Outfielder Sam Bowens played seven years in the major leagues.

Sam was with the Nashville Elite Giants in 1957-1958 and at Tennessee State University in 1958-1959. In the minors, he spent three years with Rochester (1962, 1963 and 1965); one reference called him "possibly the fastest player in the league". He was also with the Fox Cities Foxes in 1961.

He broke into the majors with a good cup of coffee in 1963 with the Baltimore Orioles, hitting .333 and slugging .500 in 15 games. The next year, he was the Orioles' starting right fielder (the other outfielders were Boog Powell and Jackie Brandt) as the Orioles had traded away the regular from 1963, Al Smith. Bowens was three years older than Powell and a couple years younger than Brooks Robinson. He hit 22 home runs with a .263 average in 1964, but for the rest of his major league career struggled to stay over .200 and became a backup. A leg injury did not help, and the emergence of young Orioles players Curt Blefary and Paul Blair just made things tougher.
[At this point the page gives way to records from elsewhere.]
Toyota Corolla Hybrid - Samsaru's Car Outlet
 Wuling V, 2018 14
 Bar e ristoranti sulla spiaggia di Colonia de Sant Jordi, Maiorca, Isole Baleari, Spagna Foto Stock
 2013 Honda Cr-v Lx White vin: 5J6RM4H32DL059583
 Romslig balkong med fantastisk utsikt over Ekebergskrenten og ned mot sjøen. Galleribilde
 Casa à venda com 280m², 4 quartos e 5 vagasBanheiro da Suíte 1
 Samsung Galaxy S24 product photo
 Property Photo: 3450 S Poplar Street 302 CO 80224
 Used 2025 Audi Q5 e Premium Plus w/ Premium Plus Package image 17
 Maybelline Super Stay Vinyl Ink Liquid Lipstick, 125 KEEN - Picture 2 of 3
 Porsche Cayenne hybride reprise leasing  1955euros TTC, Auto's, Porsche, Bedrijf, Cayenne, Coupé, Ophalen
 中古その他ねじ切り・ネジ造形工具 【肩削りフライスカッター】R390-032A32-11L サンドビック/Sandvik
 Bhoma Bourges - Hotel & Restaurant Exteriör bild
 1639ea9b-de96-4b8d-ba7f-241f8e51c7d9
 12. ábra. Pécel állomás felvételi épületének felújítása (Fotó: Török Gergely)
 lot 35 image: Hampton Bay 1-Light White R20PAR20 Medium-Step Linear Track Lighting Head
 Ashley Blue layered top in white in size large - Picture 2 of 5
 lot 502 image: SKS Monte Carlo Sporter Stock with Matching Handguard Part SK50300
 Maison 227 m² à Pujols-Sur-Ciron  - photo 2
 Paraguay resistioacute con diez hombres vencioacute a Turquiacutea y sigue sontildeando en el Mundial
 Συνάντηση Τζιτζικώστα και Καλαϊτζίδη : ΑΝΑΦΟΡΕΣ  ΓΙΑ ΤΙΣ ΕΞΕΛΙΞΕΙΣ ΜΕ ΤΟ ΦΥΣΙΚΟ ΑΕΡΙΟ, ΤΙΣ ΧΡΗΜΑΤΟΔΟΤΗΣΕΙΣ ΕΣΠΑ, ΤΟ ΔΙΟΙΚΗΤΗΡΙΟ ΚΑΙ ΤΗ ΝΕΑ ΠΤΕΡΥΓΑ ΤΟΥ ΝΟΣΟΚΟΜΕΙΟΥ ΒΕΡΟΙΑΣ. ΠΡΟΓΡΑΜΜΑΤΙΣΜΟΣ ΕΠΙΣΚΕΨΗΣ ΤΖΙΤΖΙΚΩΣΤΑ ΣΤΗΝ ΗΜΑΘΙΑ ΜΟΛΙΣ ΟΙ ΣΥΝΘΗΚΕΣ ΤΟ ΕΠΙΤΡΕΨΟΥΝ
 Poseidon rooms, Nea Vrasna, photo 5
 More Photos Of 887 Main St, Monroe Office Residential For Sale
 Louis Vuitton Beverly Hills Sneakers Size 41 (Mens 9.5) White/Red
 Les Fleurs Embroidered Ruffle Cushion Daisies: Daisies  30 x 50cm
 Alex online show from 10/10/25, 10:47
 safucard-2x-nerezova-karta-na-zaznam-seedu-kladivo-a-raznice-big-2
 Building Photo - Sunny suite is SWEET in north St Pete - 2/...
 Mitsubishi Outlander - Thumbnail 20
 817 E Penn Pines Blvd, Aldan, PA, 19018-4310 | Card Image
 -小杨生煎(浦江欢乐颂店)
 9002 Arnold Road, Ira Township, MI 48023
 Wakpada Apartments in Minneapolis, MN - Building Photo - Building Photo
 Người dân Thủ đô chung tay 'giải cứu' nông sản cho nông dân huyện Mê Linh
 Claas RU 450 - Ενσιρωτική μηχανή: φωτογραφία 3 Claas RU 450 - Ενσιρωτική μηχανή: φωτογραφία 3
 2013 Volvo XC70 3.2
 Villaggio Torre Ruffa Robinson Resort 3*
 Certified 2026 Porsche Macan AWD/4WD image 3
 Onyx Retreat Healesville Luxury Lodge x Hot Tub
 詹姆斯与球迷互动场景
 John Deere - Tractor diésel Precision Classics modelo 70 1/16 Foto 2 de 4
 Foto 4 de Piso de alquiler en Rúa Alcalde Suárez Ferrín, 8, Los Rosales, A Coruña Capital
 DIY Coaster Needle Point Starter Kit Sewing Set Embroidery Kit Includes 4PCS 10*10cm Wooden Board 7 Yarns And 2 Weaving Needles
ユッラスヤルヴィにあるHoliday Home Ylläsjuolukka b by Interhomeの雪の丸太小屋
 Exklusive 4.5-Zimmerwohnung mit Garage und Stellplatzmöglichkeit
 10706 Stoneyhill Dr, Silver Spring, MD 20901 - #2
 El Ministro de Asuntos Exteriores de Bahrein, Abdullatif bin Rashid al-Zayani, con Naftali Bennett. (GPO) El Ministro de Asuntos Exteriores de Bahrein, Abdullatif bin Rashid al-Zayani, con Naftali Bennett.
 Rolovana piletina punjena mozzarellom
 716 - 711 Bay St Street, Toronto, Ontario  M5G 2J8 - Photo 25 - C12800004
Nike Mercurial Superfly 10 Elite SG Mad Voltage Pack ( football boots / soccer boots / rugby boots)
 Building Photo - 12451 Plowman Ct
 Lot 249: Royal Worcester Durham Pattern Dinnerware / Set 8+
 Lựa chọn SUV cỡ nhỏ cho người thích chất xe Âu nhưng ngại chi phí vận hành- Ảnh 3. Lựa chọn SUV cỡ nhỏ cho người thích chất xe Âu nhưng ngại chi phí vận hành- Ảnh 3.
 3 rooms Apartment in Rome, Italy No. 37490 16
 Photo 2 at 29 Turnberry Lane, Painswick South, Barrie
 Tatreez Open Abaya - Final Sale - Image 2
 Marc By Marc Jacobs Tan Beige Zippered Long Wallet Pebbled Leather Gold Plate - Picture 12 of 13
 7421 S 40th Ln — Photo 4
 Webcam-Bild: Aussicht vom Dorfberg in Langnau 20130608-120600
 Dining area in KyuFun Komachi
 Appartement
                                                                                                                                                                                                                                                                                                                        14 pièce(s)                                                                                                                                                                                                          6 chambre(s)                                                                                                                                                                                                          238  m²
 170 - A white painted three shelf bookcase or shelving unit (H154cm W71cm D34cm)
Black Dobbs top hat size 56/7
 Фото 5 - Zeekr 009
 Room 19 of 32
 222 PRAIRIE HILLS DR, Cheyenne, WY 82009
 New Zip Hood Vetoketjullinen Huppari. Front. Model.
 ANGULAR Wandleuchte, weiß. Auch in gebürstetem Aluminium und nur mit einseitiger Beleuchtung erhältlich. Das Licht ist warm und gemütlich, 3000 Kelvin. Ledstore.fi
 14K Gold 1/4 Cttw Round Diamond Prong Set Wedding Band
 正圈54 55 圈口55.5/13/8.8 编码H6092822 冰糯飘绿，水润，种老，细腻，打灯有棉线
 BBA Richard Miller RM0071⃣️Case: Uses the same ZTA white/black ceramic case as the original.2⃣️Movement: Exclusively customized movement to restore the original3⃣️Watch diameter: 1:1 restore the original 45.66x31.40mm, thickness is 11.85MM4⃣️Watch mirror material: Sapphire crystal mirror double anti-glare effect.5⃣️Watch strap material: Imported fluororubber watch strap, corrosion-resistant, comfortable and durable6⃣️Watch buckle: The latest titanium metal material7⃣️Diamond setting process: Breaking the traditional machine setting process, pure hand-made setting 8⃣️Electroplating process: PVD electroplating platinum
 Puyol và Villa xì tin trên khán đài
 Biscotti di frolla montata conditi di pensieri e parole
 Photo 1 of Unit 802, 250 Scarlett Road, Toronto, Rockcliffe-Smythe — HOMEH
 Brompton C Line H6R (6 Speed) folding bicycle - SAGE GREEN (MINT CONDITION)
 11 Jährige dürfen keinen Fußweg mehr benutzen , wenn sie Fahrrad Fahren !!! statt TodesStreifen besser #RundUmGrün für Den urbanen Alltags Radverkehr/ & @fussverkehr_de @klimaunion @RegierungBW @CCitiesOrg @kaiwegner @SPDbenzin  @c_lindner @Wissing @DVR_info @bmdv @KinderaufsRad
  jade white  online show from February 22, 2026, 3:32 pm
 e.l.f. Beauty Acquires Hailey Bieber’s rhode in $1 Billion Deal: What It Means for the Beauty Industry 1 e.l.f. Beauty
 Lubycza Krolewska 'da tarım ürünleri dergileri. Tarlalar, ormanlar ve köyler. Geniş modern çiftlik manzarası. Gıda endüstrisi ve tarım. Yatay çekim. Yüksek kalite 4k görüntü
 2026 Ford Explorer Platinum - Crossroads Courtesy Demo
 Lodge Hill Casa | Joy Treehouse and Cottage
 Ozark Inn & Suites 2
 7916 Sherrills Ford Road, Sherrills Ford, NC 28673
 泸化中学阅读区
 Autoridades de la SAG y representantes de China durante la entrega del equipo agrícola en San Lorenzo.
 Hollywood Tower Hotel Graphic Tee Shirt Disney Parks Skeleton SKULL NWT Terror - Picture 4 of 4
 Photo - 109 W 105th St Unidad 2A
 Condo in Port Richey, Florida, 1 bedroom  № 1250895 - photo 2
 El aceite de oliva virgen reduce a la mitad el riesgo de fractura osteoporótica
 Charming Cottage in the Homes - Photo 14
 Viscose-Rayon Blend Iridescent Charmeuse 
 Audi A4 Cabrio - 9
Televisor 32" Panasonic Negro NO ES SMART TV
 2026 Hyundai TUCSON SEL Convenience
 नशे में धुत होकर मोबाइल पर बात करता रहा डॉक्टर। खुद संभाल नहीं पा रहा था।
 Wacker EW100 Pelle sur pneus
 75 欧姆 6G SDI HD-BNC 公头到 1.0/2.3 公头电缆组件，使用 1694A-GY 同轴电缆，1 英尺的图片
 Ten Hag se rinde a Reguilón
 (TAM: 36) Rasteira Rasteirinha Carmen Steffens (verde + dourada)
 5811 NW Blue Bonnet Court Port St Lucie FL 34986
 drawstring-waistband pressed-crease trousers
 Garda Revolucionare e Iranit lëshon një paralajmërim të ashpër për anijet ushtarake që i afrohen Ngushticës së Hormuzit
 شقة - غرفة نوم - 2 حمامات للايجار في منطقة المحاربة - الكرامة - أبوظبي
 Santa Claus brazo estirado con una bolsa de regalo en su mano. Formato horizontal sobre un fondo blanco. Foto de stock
Bowens was able to stay in the majors despite his hitting as a result of fielding ability. He had a strong arm and played good defense. The December 1966 Baseball Digest referred to a catch made by Bowens on July 18 as the most memorable play of the 1966 season. The article referred to it as "sheer execution" as the game was not on the line at the time.

After his death, it was revealed that he was actually one year older than was thought at the time he was playing. He is not to be confused with Sam Bowen.

Notable Achievements[edit]

  • 20-Home Run Seasons: 1 (1964)
  • Won a World Series with the Baltimore Orioles in 1966 (he did not play in the World Series)

Related Sites[edit]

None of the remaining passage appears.